The difficulties for some in filling out the Free Application for Federal Student Aid, or FAFSA, simplified forms online is forcing many higher education institutions to extend their submission deadlines, especially since data from completed forms won’t start being received from the Department of Education until sometime in March.

“Making them wait longer to get financial aid creates anxiety and frustration,” says Karen Hildalgo, who chairs Northampton High School’s guidance department. “It has definitely been frustrating for our students and their families how many changes and delays there have been with FAFSA.”

It’s also something Deidre Cuffee-Gray, the college and career adviser at Amherst Regional High School, is seeing, describing the help she is offering as navigating “the FAFSA morass.”

While colleges are also frustrated, Hidalgo said, they are adapting by pushing various dates for students, including extending their financial aid deadlines.

“Some have provided tentative aid packages based on their own forms.

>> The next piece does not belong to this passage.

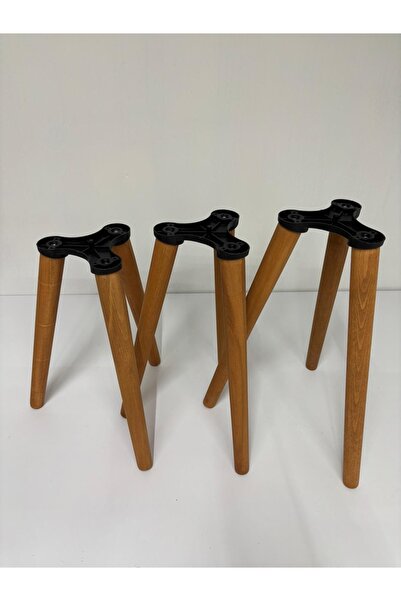 HAMADEX 38-41-44 cm Light Oak Wood Coffee Table Furniture Leg Conical 9 Pieces (Including Apparatus and Screws)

Others have either changed decision day, traditionally May 1st, or have created an option for students to change their minds after decision day, to give students time to compare aid packages,” Hidalgo said.

At Amherst College, Matthew McGann, dean of admission and financial aid, said the office has been getting more calls this winter, many from concerned families. “The issues with FAFSA has been causing anxiety with most of the college-going population this year,” he said.

Even so, the college is preparing to release most of its admission decisions in about a month.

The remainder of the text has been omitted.